The park was dedicated in 1979[1] by Mayor Joseph Alioto and was named for sailor and novelist Joseph Conrad (who seems never to have visited San Francisco[2]).
Leonard Martin, who transformed the abandoned Del Monte Plant #1 into The Cannery Shopping Plaza in 1967, [3] [4] had wanted to save the park (then called Columbus Square), as he thought it vital to maintain green spaces near his new shopping center.

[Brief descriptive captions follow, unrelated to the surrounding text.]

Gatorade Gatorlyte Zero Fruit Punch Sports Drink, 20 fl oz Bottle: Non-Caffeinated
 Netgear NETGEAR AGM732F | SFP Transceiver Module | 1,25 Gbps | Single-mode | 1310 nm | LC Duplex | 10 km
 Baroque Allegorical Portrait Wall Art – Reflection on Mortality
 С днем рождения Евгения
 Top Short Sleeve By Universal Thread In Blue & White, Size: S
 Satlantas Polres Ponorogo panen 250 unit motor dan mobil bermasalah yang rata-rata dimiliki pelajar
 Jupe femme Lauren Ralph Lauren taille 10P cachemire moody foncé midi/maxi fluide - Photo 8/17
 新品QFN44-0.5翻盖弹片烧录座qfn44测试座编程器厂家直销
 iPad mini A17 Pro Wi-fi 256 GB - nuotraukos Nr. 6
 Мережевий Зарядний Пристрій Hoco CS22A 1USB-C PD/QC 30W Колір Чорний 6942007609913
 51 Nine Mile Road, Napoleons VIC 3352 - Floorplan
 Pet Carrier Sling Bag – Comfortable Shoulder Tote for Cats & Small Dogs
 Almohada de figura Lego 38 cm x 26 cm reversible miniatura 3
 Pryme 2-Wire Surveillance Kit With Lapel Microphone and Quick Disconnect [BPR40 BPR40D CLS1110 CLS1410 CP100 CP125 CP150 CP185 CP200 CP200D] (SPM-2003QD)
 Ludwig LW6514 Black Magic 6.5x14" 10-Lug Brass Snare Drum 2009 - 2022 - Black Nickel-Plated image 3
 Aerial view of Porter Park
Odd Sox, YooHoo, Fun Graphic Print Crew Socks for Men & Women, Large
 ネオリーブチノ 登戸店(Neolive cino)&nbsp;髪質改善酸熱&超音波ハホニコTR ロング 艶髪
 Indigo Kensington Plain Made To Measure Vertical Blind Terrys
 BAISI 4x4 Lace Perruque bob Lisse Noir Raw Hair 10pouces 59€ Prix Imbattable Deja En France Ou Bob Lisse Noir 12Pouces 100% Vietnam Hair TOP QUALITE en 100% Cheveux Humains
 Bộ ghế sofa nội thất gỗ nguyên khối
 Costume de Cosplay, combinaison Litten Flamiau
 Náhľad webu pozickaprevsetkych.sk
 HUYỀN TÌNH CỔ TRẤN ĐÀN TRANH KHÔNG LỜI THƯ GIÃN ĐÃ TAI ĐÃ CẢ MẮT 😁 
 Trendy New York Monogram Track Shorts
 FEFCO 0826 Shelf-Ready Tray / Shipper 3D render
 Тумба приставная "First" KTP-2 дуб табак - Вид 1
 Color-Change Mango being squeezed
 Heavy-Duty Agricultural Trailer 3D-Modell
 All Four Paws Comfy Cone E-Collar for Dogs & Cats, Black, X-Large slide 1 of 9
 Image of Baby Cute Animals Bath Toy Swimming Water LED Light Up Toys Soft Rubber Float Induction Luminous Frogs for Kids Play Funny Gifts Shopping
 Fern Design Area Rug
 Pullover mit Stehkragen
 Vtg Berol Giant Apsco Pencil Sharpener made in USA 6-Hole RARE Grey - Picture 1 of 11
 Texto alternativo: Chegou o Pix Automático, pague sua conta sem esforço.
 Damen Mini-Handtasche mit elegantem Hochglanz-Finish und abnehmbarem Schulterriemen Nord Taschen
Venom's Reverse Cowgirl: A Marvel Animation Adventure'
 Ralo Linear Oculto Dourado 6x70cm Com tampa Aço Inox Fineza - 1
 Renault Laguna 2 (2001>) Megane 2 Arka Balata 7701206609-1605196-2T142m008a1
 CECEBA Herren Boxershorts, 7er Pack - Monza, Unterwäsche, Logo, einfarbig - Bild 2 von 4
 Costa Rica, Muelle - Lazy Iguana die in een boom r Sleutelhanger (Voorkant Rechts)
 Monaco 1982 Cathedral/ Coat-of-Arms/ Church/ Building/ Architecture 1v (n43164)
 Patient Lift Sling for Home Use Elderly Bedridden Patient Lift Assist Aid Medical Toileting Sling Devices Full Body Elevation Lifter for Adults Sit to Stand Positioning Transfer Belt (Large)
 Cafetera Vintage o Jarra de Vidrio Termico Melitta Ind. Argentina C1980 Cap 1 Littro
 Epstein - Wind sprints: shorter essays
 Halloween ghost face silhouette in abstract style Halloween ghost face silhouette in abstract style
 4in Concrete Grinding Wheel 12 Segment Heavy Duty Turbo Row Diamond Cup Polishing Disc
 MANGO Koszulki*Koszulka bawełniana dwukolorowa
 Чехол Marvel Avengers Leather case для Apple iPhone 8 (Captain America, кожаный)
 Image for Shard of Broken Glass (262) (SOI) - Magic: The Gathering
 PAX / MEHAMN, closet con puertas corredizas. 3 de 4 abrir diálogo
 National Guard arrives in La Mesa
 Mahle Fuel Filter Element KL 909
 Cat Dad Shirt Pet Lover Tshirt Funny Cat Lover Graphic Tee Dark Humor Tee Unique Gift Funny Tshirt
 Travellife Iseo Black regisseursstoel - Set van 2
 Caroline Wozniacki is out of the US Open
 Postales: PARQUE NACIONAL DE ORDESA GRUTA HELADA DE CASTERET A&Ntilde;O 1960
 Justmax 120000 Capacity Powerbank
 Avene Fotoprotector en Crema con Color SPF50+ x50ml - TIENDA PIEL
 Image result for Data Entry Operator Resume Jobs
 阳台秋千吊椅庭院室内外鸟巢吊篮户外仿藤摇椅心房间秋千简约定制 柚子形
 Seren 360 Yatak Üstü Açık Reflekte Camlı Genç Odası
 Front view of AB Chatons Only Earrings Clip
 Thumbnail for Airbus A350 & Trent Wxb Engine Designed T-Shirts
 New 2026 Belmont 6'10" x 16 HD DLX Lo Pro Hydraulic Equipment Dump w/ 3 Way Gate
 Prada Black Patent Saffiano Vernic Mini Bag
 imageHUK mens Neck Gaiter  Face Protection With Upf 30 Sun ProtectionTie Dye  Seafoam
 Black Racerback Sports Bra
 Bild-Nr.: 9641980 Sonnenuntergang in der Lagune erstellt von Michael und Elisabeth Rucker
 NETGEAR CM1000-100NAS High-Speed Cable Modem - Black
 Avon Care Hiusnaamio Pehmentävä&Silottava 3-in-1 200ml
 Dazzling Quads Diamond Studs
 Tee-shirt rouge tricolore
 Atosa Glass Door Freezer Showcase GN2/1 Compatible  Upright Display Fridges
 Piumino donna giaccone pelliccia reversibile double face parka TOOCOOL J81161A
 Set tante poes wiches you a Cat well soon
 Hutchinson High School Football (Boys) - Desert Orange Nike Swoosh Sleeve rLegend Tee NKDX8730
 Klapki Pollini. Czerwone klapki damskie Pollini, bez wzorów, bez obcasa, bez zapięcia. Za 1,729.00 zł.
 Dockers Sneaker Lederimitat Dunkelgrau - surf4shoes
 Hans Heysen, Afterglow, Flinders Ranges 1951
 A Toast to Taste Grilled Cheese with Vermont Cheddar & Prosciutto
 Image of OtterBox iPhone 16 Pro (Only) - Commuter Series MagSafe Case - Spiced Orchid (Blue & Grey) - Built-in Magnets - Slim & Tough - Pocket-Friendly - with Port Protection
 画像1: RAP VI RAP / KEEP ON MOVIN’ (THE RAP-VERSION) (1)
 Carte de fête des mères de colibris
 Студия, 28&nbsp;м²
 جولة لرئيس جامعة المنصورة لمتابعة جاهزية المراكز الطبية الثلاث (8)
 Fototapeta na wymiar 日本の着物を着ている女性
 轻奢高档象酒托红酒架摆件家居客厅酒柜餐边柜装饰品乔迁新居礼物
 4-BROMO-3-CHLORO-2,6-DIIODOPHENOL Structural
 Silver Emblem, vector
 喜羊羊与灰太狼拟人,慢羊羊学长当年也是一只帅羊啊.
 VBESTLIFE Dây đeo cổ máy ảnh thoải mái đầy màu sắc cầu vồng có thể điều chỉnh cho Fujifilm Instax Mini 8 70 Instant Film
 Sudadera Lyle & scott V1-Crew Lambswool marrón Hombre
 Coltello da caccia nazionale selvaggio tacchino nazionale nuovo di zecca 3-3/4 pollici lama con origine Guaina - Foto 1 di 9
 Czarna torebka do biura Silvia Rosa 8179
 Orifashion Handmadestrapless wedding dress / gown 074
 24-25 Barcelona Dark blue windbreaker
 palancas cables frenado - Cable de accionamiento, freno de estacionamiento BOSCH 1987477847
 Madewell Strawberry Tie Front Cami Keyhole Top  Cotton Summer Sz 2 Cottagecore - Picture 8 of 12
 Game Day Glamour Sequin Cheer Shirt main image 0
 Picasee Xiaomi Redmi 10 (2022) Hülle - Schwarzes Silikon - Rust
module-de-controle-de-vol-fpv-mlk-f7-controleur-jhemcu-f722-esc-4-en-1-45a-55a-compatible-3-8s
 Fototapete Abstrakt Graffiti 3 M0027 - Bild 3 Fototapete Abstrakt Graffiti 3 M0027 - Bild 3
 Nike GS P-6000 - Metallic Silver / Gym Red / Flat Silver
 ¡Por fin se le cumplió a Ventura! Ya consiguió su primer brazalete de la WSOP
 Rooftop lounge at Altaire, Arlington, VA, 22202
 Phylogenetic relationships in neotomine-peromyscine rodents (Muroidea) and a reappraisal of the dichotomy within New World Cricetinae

The project to save the park was spearheaded by Wanda Tomczykowska, president of the Polish Arts and Culture Foundation. Consideration was given to placing in the park the San Francisco Maritime Museum's copy of Jacob Epstein's 1924 bronze bust of Joseph Conrad, but the sculpture remains at the Museum due to concerns about potential vandalization if it were placed in the park.
The park's 1979 renaming and rededication, from Columbus Square to Joseph Conrad Square, coincided with the release of Francis Ford Coppola's film Apocalypse Now (15 August 1979), which was inspired by Joseph Conrad's novella Heart of Darkness.[5]
In 1981-82 the park underwent a transformation by acclaimed landscape architect Garrett Eckbo (1910-2000) from a simple grass mini-park to a park with benches, paths, and landscaped areas. Since then the park has undergone several small renovations of the landscaped beds, the largest in 2020.[6]